La dimensione di una compagnia può determinare in maniera significativa il tempo che si impiega per completare “un giro” di patching.

La remediation velocity cambia a seconda della grandezza dell’azienda

Cosa sarà rimasto di quei sistemi non patchati di una large company dopo il 64° giorno se nel mentre hanno “incontrato” WannaCry?
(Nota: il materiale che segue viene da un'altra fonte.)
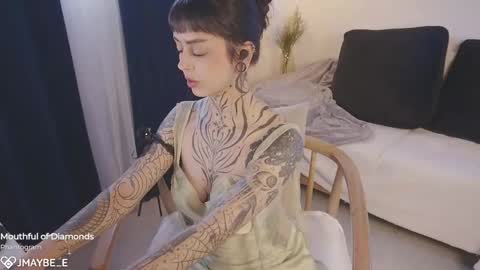   jmaybe e online show from 9, 10, 2025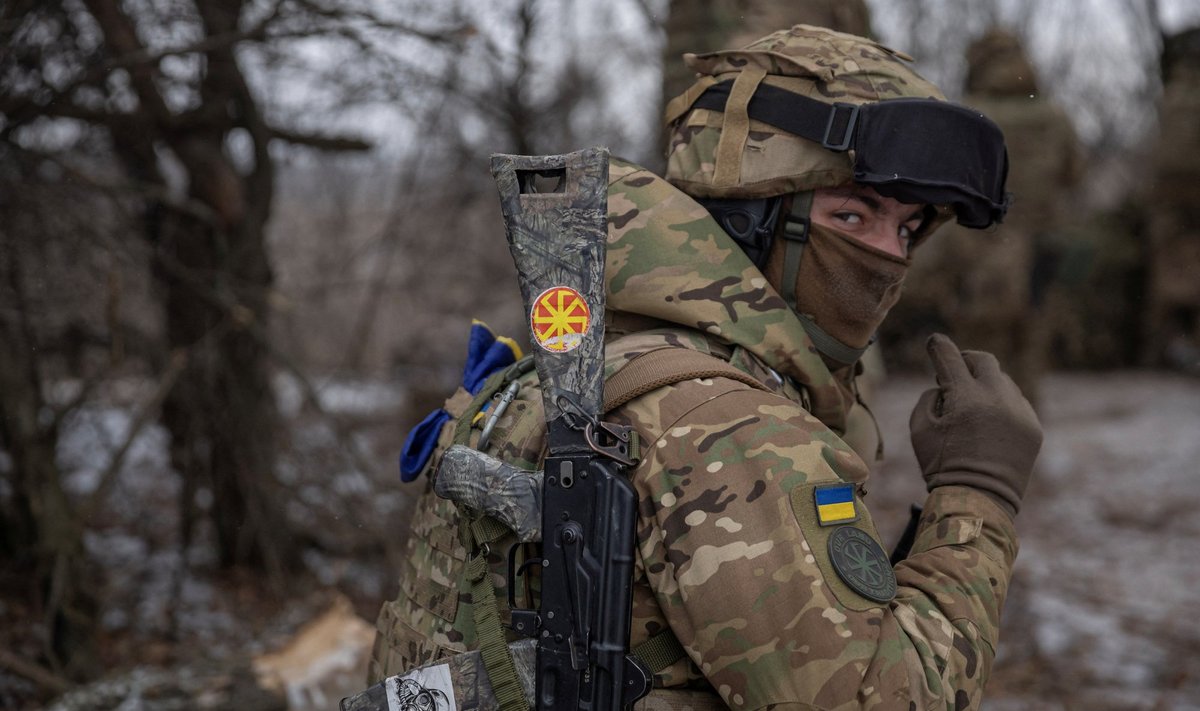 VÄELIIKIDE KOOSTÖÖ: Massiga pea ees rünnakule joosta pole piisav. Tähtis on kõikide väeliikide koostöö.  Pildil on Bahmutis võitlev Azovi brigaadi suurtükiväelane.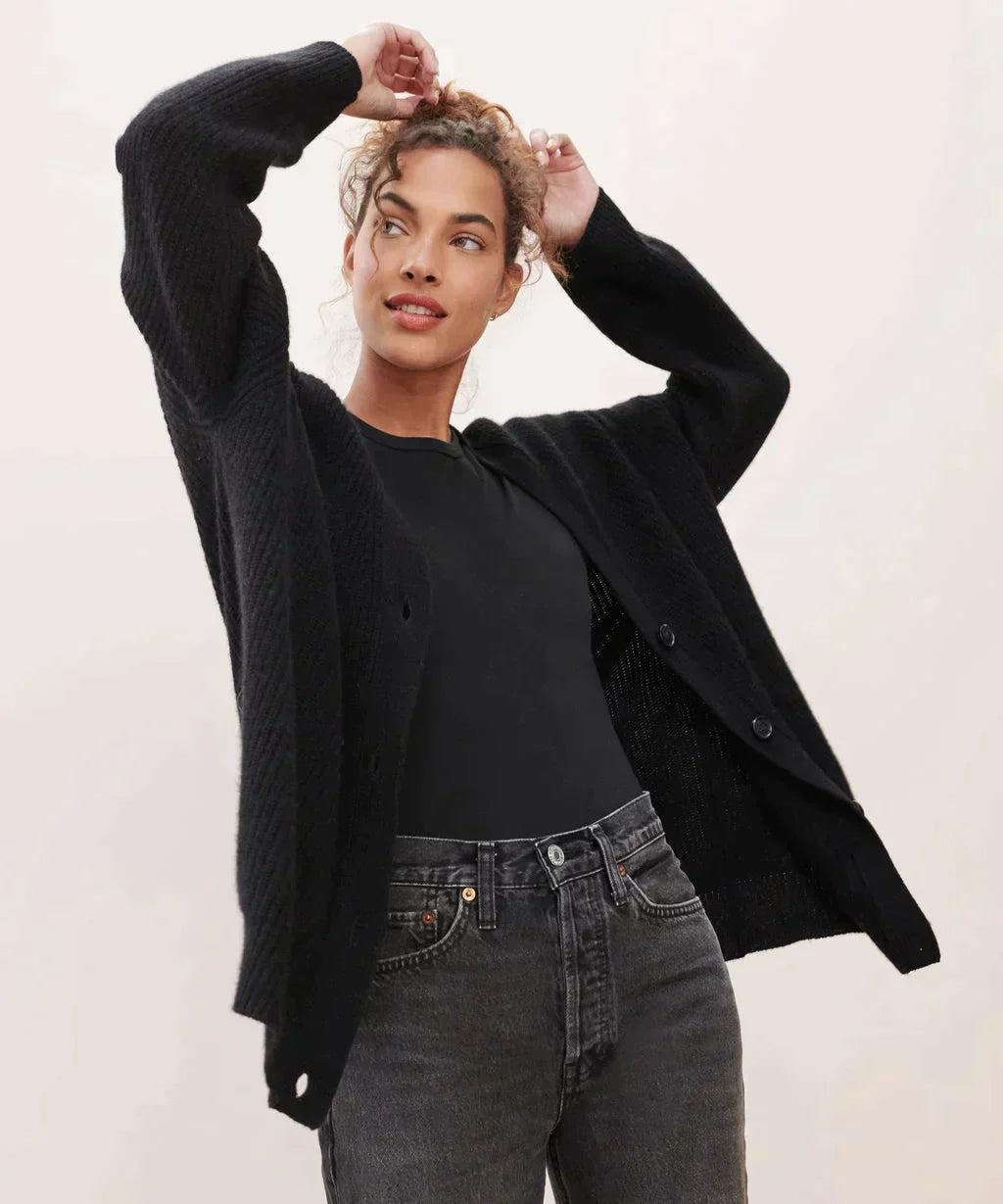 Soft cashmere cardigan – Timeless style meets elegant comfort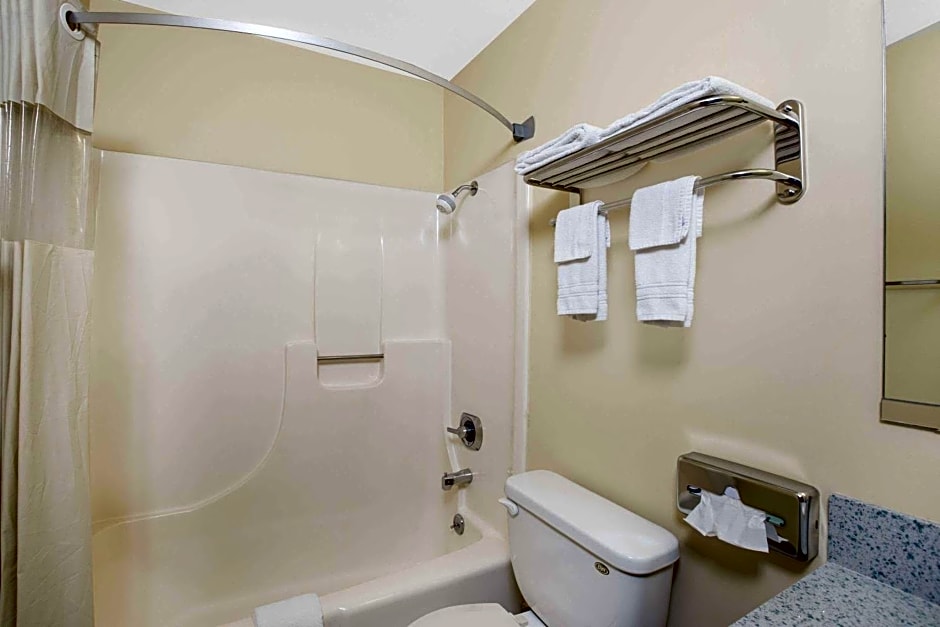 Days Inn by Wyndham Grand Island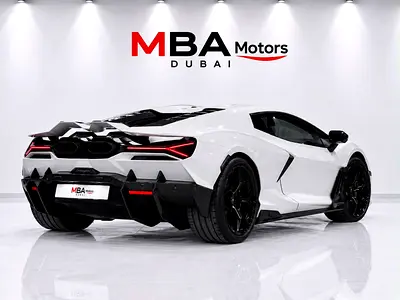 صورة 8 لـ 2024 Lamborghini REVUELTO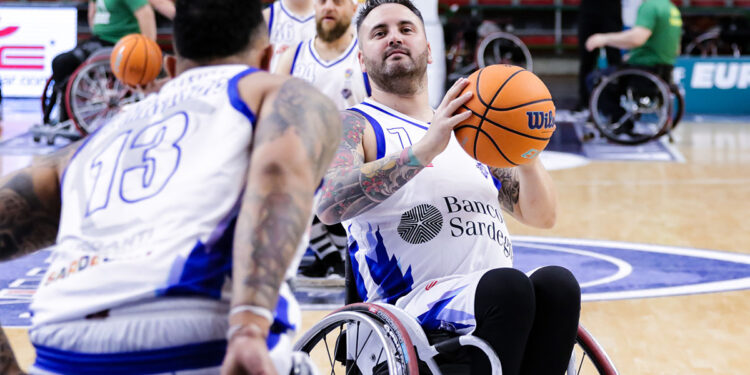 Claudio Spanu della Dinamo Lab. ? Federica Senes | Dinamo Basket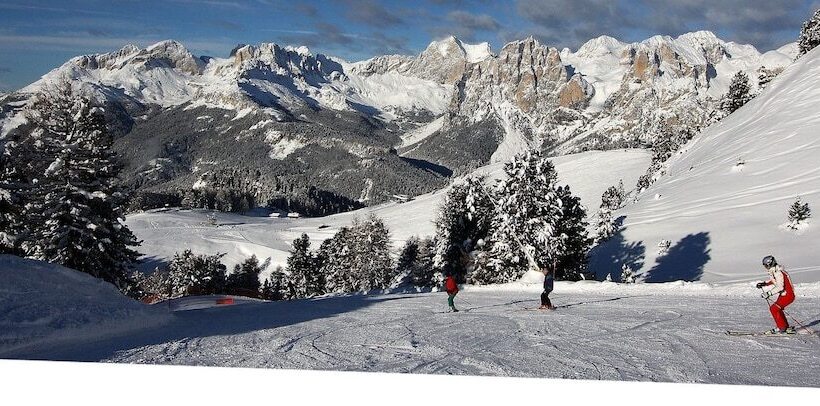 פונדק Rifugio Baita Cuz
Penso ben poco.

La cosa preoccupante a mio avviso è che: tanto è grande l’azienda, quindi nominalmente con più risorse, tanto il processo è lento, forse e spero per una maggiore complessità nella gestione del processo o forse (ma non lo spero) per uno sbilanciamento nella distribuzione delle risorse tra i vari dipartimenti o per mala gestione.

Chiaramente l’awareness è l’elemento chiave che contraddistingue gli andamenti nelle varie industry di appartenenza:

La remediation coveage distinta per industry/market

Nell’impostare la vostra strategia di patching, e in virtù delle esperienze sopra citate risulta chiaro che ci siano aziende più attente a certi temi (le banche) e altre molto più inclini a “lasciar correre”, spesso però un 5% più lenti o più veloci può segnare la differenza tra catastrofe e salvezza.

In conclusione

  • Scegliete un linguaggio comune con i colleghi delle IT Operation es. le CVE
  • Clusterizzate la scelta delle CVE da patchare sui parametri CVSS delle stesse prediligendo exploitabilità, accessibilità della vulnerabilità e score
  • Programmate di patchare anche ciò che è Low per diminuire drasticamente la superfice d’attacco
  • Ogni mese coprite il maggior numero di macchine core per il business aziendale a partire dai cluster selezionati (magari prediligendo le exploitable su cadenza quindicinale e le altre mensilmente)
  • 1 Mese per chiudere il 65% delle macchine è una sfida fattibile (i Top Performer del report sono 2.5 volte più veloci degli altri)
  • Lasciate che i sistemi si aggiornino (o non vi frapponete tra loro e gli aggiornamenti se non sapete fare di meglio), soprattutto per gli applicativi consumer in mano all’utente
  • Effettuate test trimestrali sul buon andamento del processo
  • Effettuate verifiche trimestrali su cosa non è stato ancora preso in considerazione dal processo di patching (vulnerabilità escluse dal)
  • Commettere l’errore di pensare che a “noi non capiterà” (un attacco infrastrutturale). Potrebbe esservi fatale.